The integration is easy to setup – creating a Redshift integration target, whether it’s a new or existing endpoint, is easy. Furthermore, we designed this zero-ETL integration for easy maintenance adapting to Aurora side schema changes. Database or table additions and deletions are handled transparently. If a transient error is encountered, the integration automatically re-synchs after the recovery from the error.
Data is replicated in parallel, within seconds. So large data volumes are not a problem. On the Amazon Redshift side, you can transform data with materialized views for improving query performance.
Q9: Now shifting to performance and scale, what are the highlights?
Rahul: We announced three key new features starting with Amazon DocumentDB Elastic Clusters which will horizontally scale writes with automated operations. As you may know, we can already horizontally scale reads across all our popular databases using read replicas.
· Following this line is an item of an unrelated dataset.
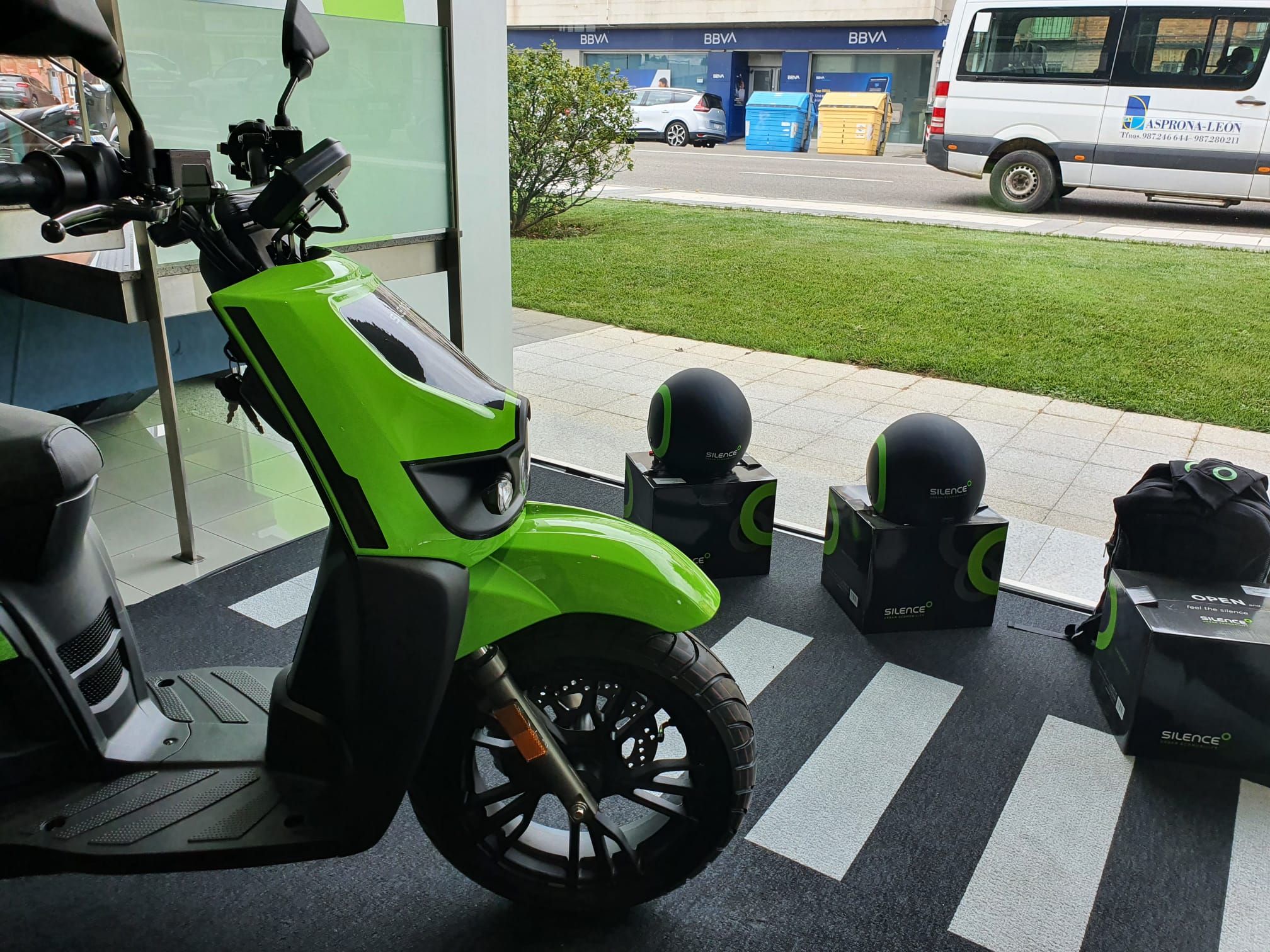 Presentación de Silence León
For Amazon DocumentDB, our customers needed the ability to horizontally scale writes beyond limits of a single node. Amazon DocumentDB Elastic Clusters uses sharding, a form of partitioning data across multiple nodes in a cluster, so that each node can support both reads and writes in a multi-active approach. When data is written to a node it is immediately replicated to the other nodes. This has the added benefit of supporting massive volumes of data. What’s exciting is Amazon DocumentDB can scale to handle millions writes (and reads) per second with petabytes of storage capacity.
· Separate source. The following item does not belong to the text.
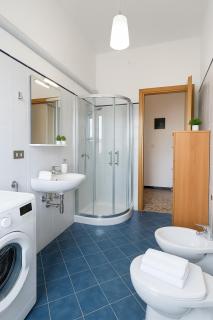 Pietra Ligure Sea View Parking & Bike Box - 2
In addition to horizontal scaling, we also invested in optimizing the performance of a single database instance. Our announcement of Amazon RDS Optimized Writes and Amazon RDS Optimized Reads for MySQL are examples of this. Both of these enhancements improve our internal implementation to improve performance.
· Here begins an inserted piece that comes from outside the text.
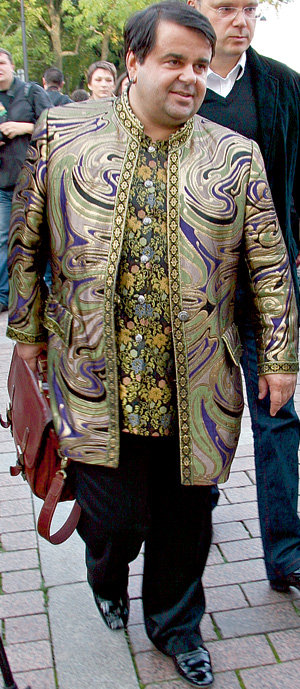 Броскому прикиду РОСТА позавидовали все звёзды голубого экрана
Prior to RDS Optimized Writes, atomicity of writes was handled by writing pages twice. Smaller chunks of a page were first written to a “doublewrite buffer” and then written to storage. This protects against data loss in case of failure, but two writes take longer and consume more I/O bandwidth reducing database throughput and performance. For use cases with a high volume of concurrent transactions, to solve for durability customers also need to provision additional IOPS to meet their performance requirements. Optimized writes work by atomically writing more data to the database for each I/O operation. So, this means that the pages are written to table storage durably as a single atomic operation in one step. With Optimized Writes, customers can now gain up to 2x improvement in write transaction throughput at no additional cost and with zero data loss.
With RDS Optimized Reads, read performance is improved by leveraging data proximity. A MySQL server creates internal temporary tables while processing complex or unoptimized queries like analytical queries that require grouping, sorting etc. When these temporary tables cannot fit into memory, the server defaults to disk storage. With Optimized Reads, RDS places these temporary tables on the instance’s local storage instead of an Elastic Block Storage volume, which is shared network storage. It’s the local availability of temporary data that makes queries up to 50% faster.
Q10: How about security and operational excellence, what did AWS announce for this theme?
Rahul: Security is of utmost importance and an area of sustained investment for us. We announced the preview of Amazon GuardDuty RDS Protection, which protects Amazon Aurora databases from suspicious login attempts that can lead to data exfiltration and ransomware attacks. It does this by identifying anomalies, sending intrusion alerts, managing stolen credentials, and more. Our goal with GuardDuty was to create a tool that’s easy to enable and produces timely, actionable results. We use machine learning to accurately detect highly suspicious activities like access attacks using evasion techniques. Security findings are enriched with contextual data so you can quickly answer questions such as what database was accessed, what was anomalous about the activity, has the user previously accessed the database, and more. Aurora is the starting point. We’ll also extend this capability to other RDS engines.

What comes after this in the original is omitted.